Of course, I haven’t demonstrated complexity. But I don’t think I need to demonstrate that a software’s complexity lies along the same kind of combinatorial lines. However, I do want to add one more caveat to software complexity: Perceived vs real complexity. Let’s say we have two components A and B that have individual failure rates dependent on their own internal components of interdependent systems. Now A and B are interdependent in only one way and the reliability and complexity of the system are easy to see. However, let’s say that each component exposes many more possible interdependencies (probably by exposing their own internal components/systems to the containing system). The reliability of the system hasn’t changed because the components are still actually interdependent in only one way. However, the perceived complexity of the system has just skyrocketed. Each exposed, possible interdependency represents yet another layer of complexity to the system, regardless of whether that interdependency is being used. One can only separate the real vs perceived complexity of the system at great cost.
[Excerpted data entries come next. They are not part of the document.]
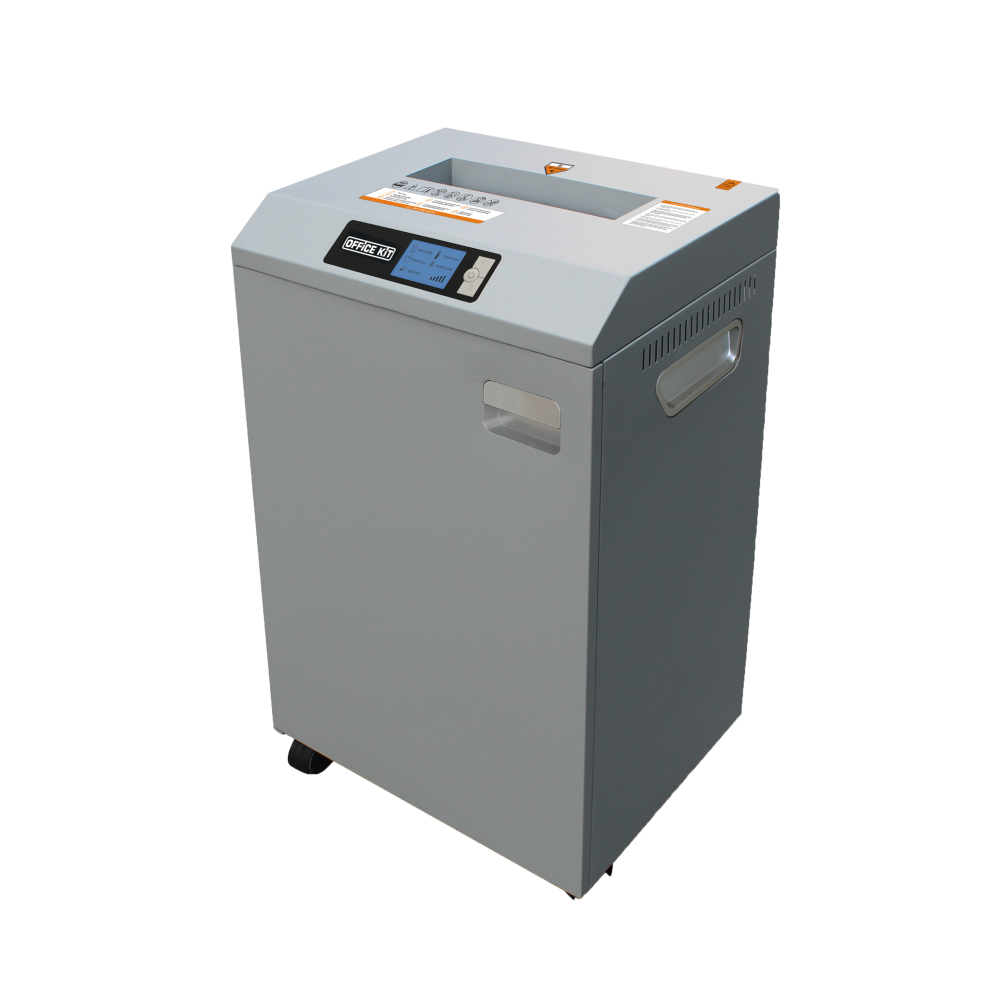Уничтожитель документов Office Kit S600 0,8x5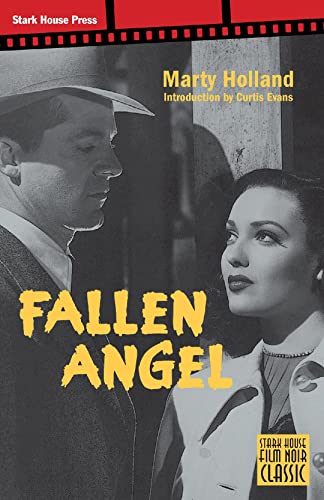 Fallen Angel von Stark House Press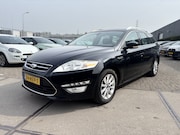 Ford Mondeo - 1.6 EcoB. Titanium MOTOR TIKT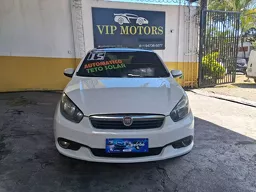 Fiat Siena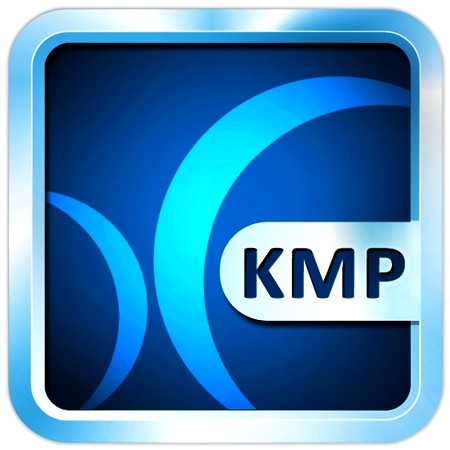 The KMPlayer 4.0.6.4 Final + Portable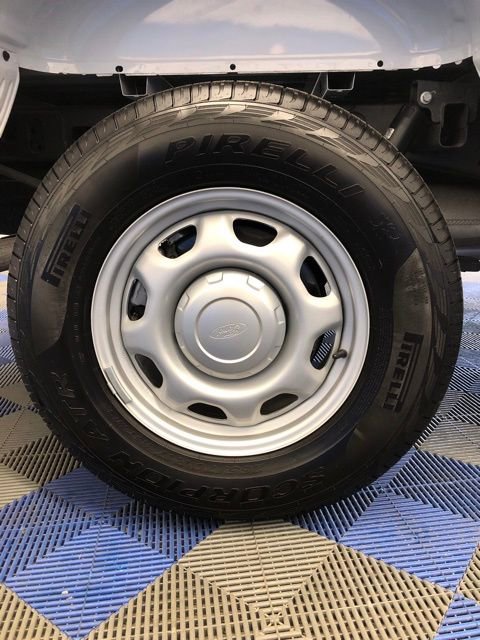 Certified 2023 Ford F150 XL image 12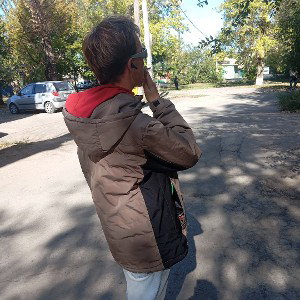 жизнь трудна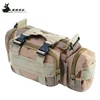 Camuflaje del desierto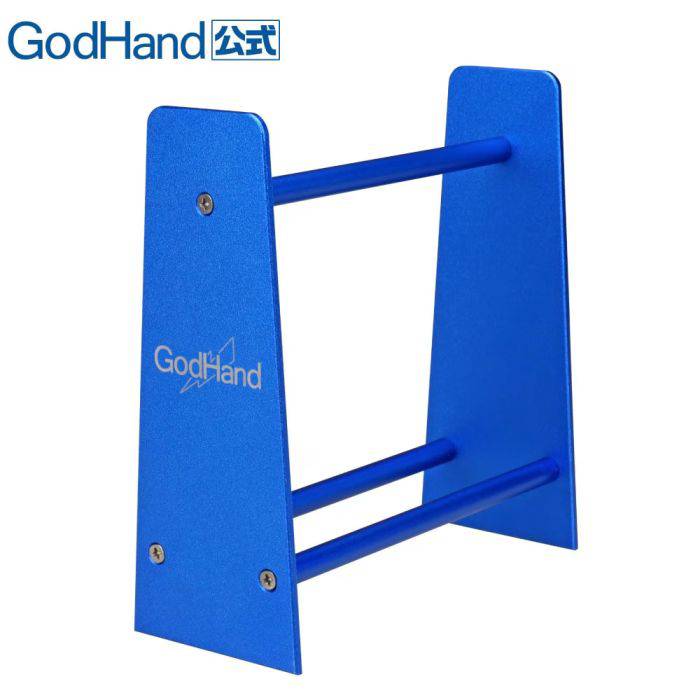 GodHand Metal Nipper Stand NS-AL
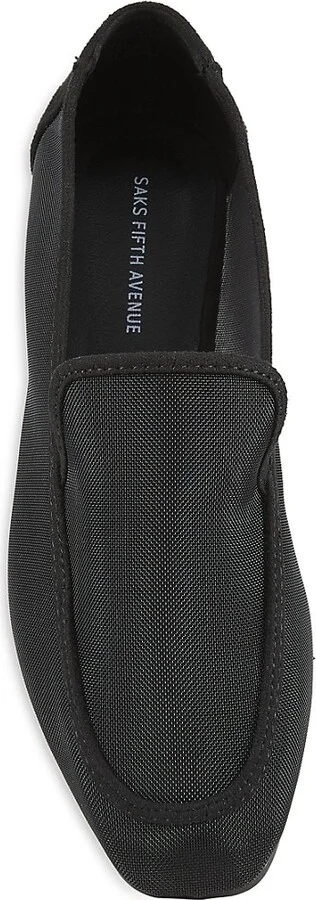 Brenda Mesh Loafers - Image 5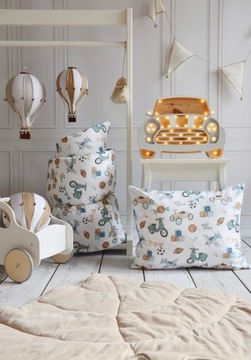 Бархатная противоударная подушка в виде бабочки в стиле ретро для мальчика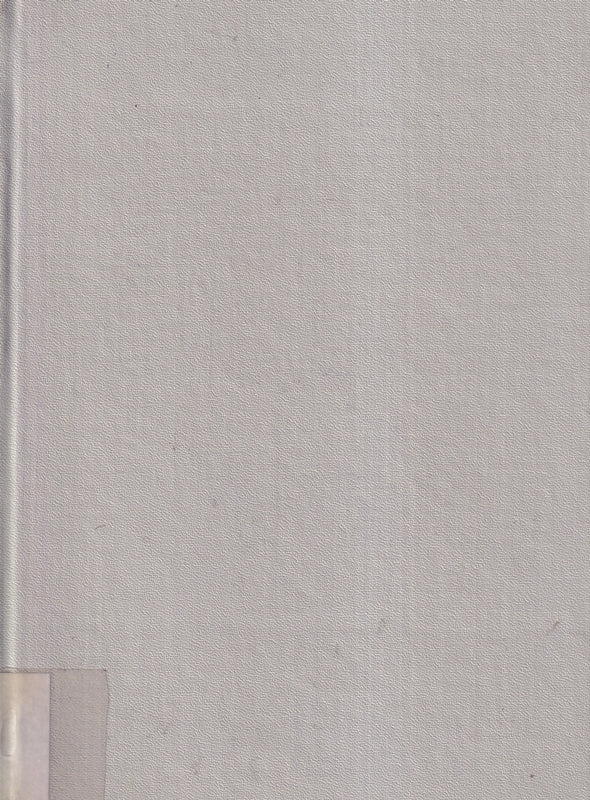 Lehrgang der höheren Mathematik Teil V.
And I would even say that for larger projects its virtually impossible to do. The result is that even though the system may have a simple set of interdependencies, the perceived complexity of the system makes it impossible to know what they are. This makes it impossible to reliably modify the system. Because the perceived complexity is so high, you can’t know if one change made to the system will break an interdependency. In this sense, the systems actual complexity doesn’t matter. It’s the perceived complexity that affects attempts at alterations. ¹ It’s the perceived complexity that makes things so difficult, especially if you’re trying to understand the system as a whole.
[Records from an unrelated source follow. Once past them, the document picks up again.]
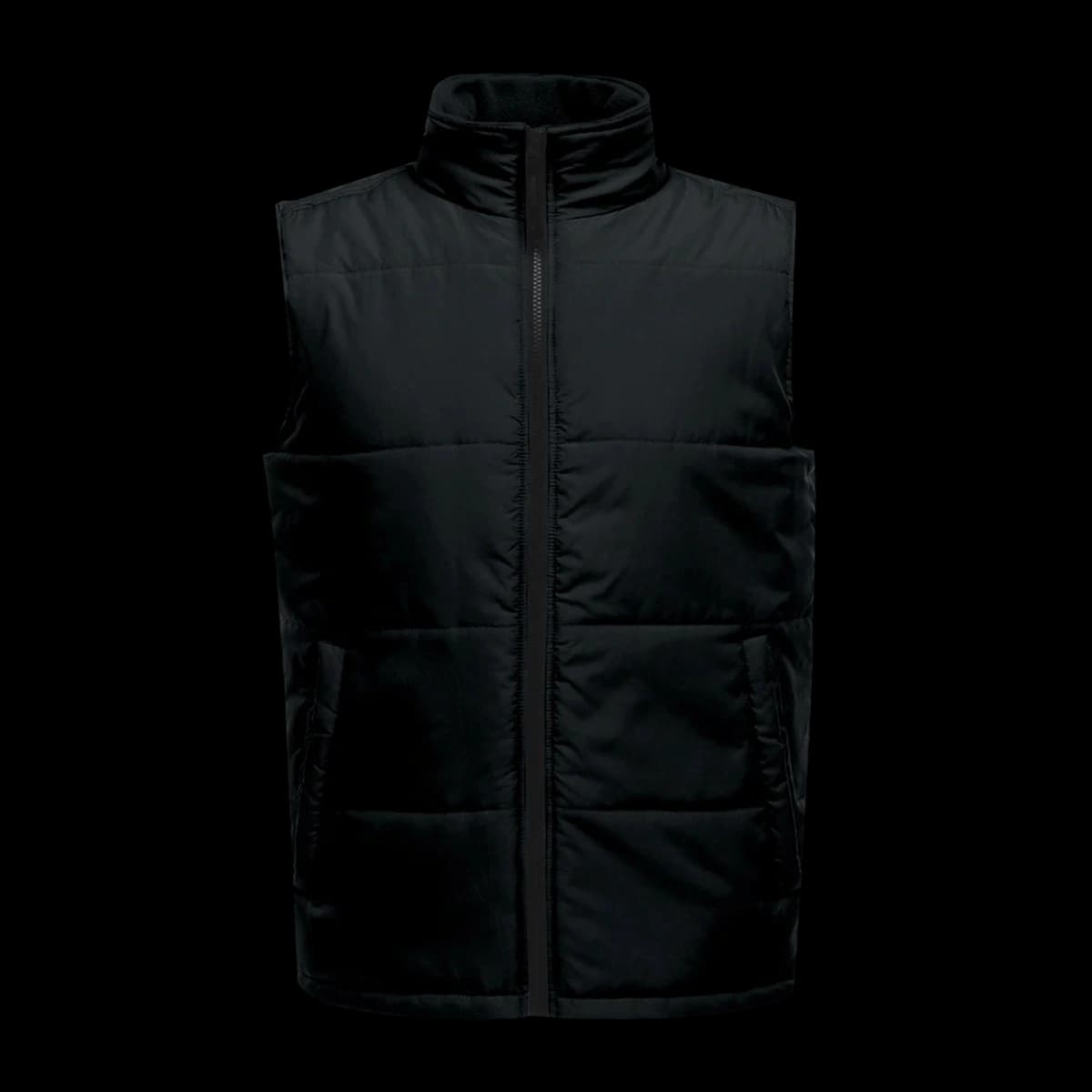 Regatta Access Insulated Bodywarmer — front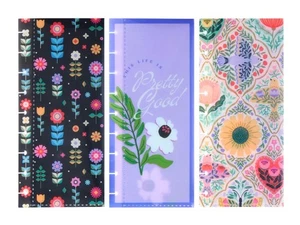 Happy Planner Brilliant Garden Snap In ENVELOPES - 3 PACK - Picture 1 of 4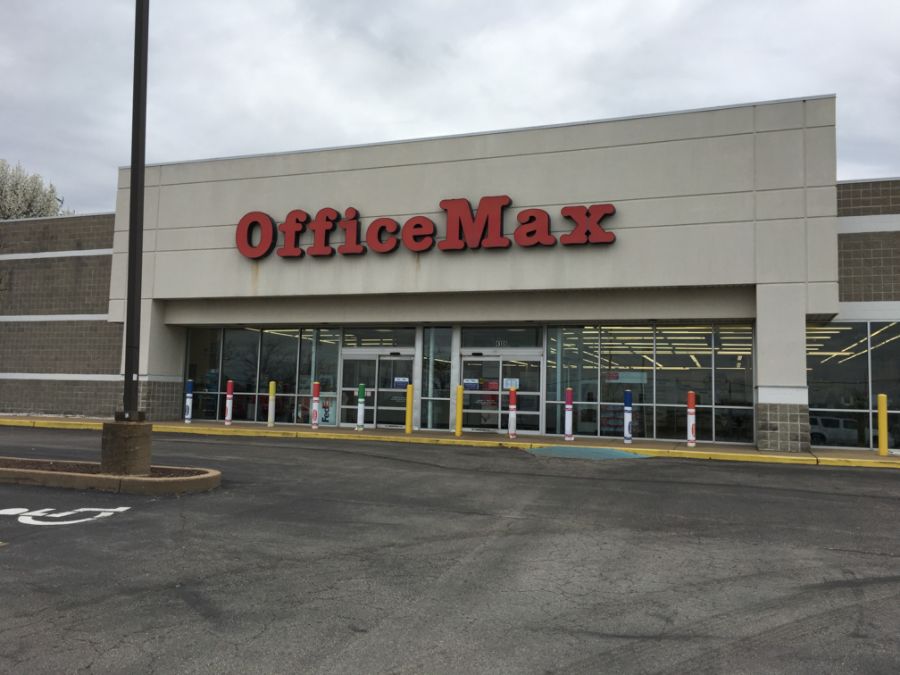 Office Max in SAINT LOUIS,MO - 4106 LEMAY FERRY ROAD
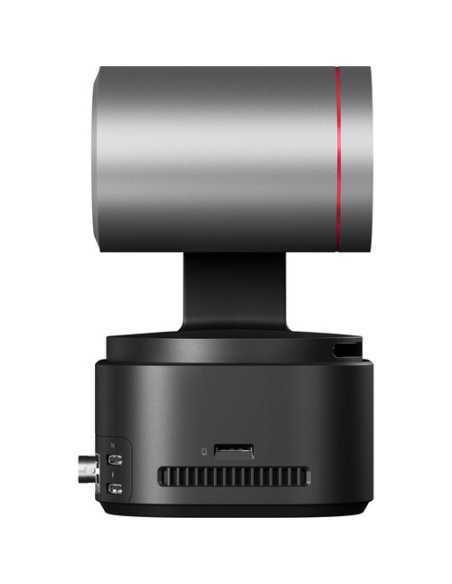 OBSBOT Tail 2 AI-Powered PTZR 4K Live Production Camera - Multicam Combo Kit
Here’s where Software Architecture comes in. How you architect a system will have a huge impact on the software’s complexity:

By creating modular components, you hide possible interdependencies, revealing only the necessary interdependencies.
By creating types of components, you clearly define roles within the system and the types of interdependencies can become clear. Moreover, by using common types, a system can be easily understood by other who use those types.
By defining clear interfaces you further define the available interdependencies and make it obvious what they are as well as define the expected behavior of each component.
By hiding an objects complexity, you also de-incentivise hidden interdependent behavior. I’ve seen this a lot where a component depends on another component to pass in arbitrary data in a very specific format (Ex: passing in a dictionary with very specific key : values… such a bad, bad idea).
By using protocols you can make the underlying complexity of a component irrelevant. What only matters is how that component interacts with the rest and how reliable it is.
By limiting the responsibilities of any single component, you can more easily increase the reliability of said component. It’s much easier to increase a simple component’s reliability than a complex one for obvious reasons. This is called SRP (single responsibility principle) and it means that any component in the system should have only one responsibility.
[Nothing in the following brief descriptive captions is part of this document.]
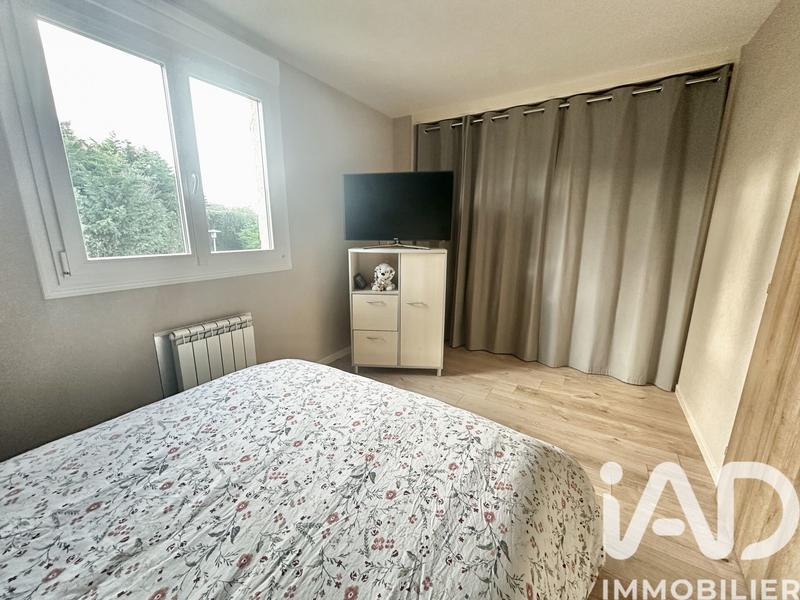 Maison - 103 m² - 5 pièces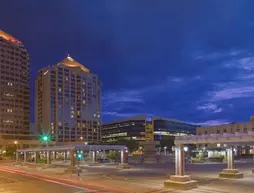 Hyatt Regency Albuquerque | New Mexico - Albuquerque (ve civarı) - Albuquerque - Albuquerque Merkezi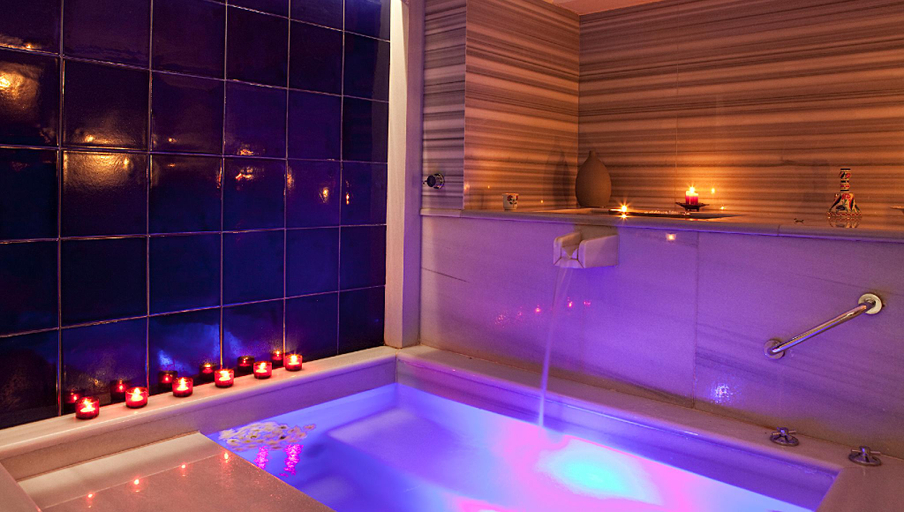 Bathroom 4, Kitapevi Hotel, Yıldırım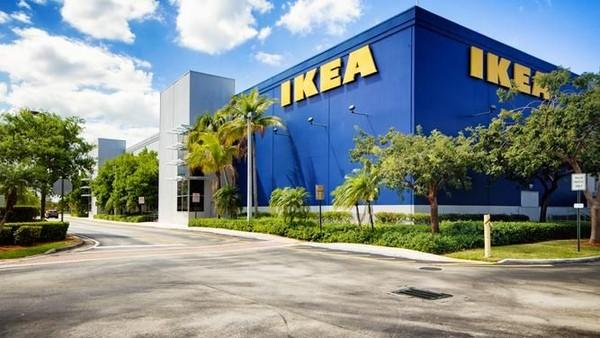 IKEA Sentul
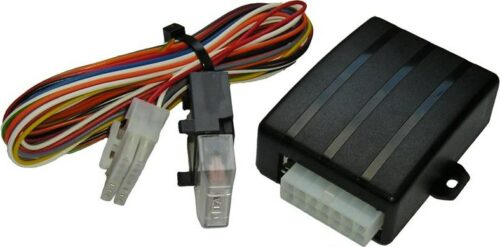 CAN-BUS to analogue converter / translator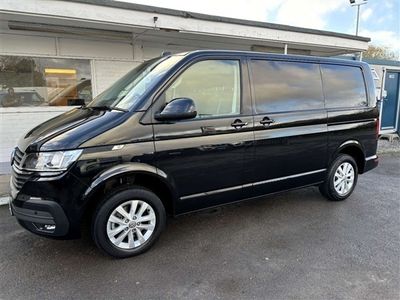 VW T6.1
Software architecture can not only make the perceived complexity of the system approach its real complexity, but it can also help reduce the real complexity and increase the system’s reliability. It also makes the system much more understandable. And when you understand a system, you can change it with confidence.

This isn’t, of course, the only reasons to Architect your software. Testability, for instance, plays a heavy role. But I hope I demonstrated why it’s so necessary. Good Software Architecture is essential for managing complexity. Without it, the software’s complexity is bound to spiral out of control, and with that spiraling complexity will come spiraling costs.

Note: I know this is not actually true: the ratio of perceived vs actual complexity determines the probability that a change will result in a break. ↩